+++ Material for this task

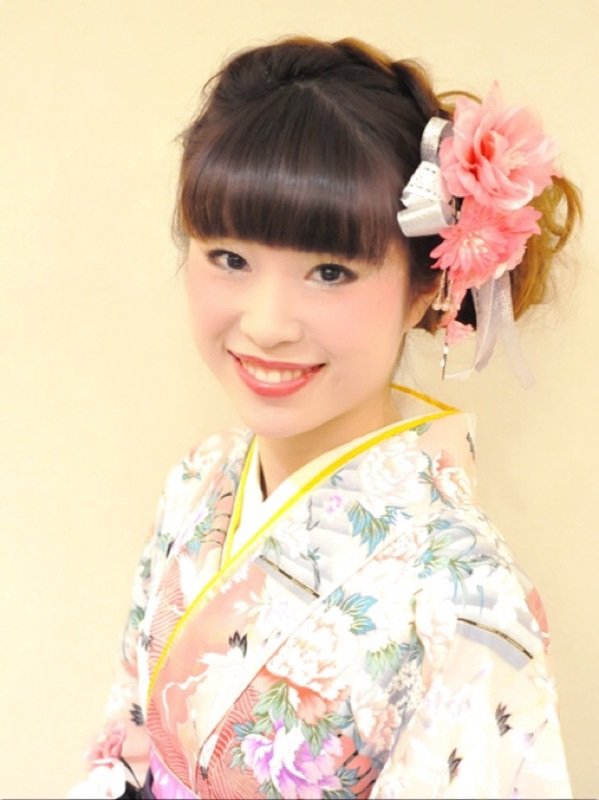 成人式はどんな髪型を楽しむ ミディアム編 振袖によく似合うヘアアレンジ集 ホットペッパービューティーマガジン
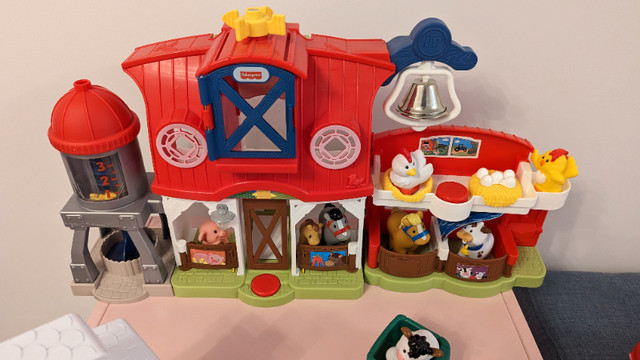Fisher price deluxe farm set in Toys & Games in City of Toronto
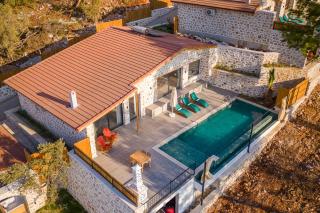 Amazing 1BR Stone Villa with Pool & Terrace - Gelemiş - 5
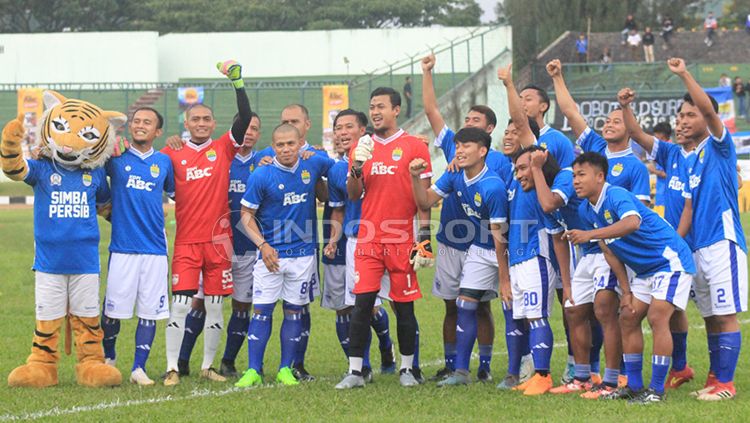 Tantan foto bersama skuat Persib Bandung di Stadion Siliwangi, Kota Bandung. Copyright: © Arif Rahman/INDOSPORT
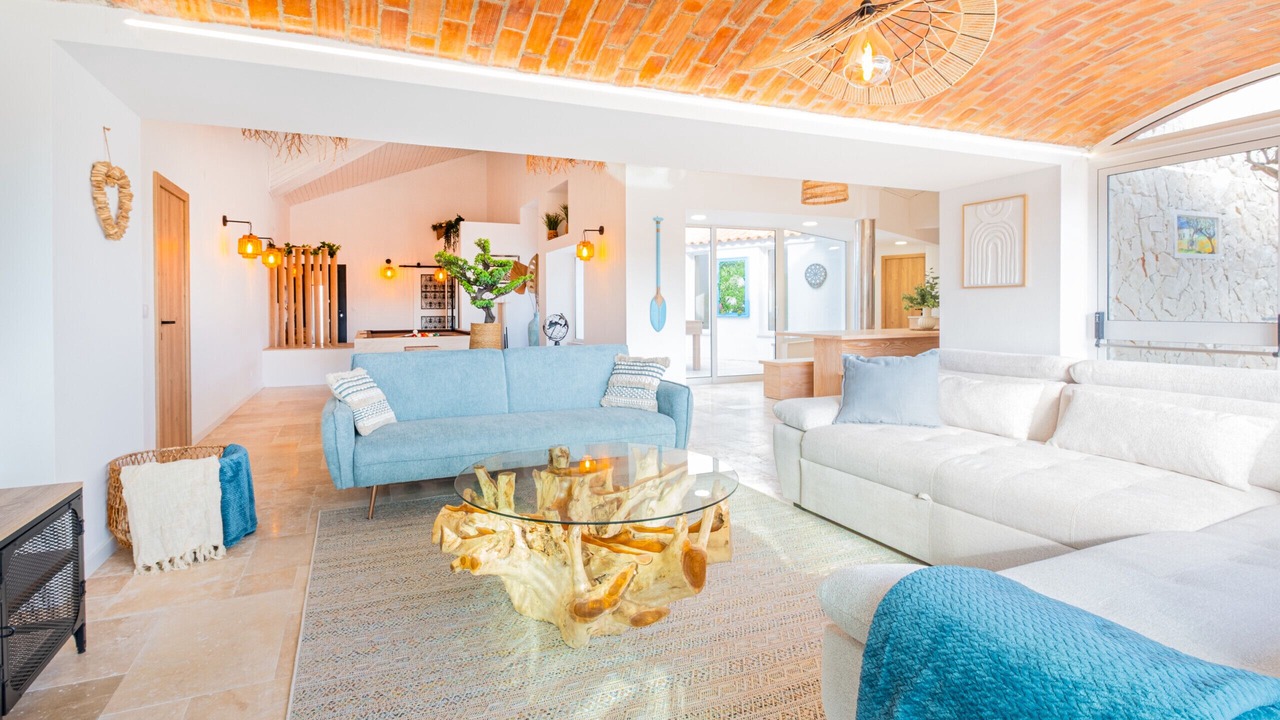 Photo of Livingroom in Oura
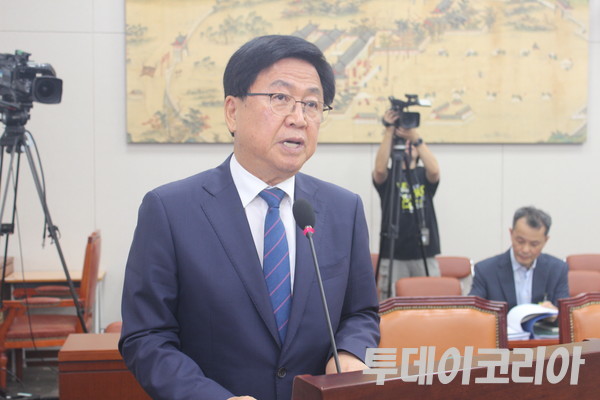 ▲ 지난 2일 국회에서 최교진 교육부 장관에 대한 후보자 인사청문회가 진행되고 있다. 사진=투데이코리아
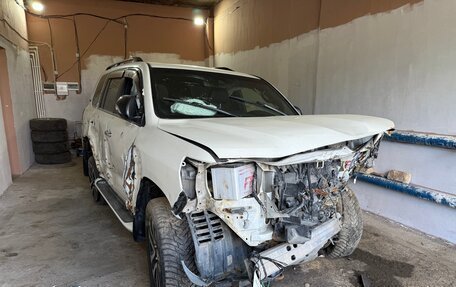 Toyota Land Cruiser 200, 2018 год, 2 650 000 рублей, 11 фотография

++++++

__Problem to work on__. Would you give again, exactly as written, the lines from the one containing "Photo of Livingroom in Oura" through the end of the records, with no pictures and no other lines?

__Result__.
 Photo of Livingroom in Oura
 ▲ 지난 2일 국회에서 최교진 교육부 장관에 대한 후보자 인사청문회가 진행되고 있다. 사진=투데이코리아
 Toyota Land Cruiser 200, 2018 год, 2 650 000 рублей, 11 фотография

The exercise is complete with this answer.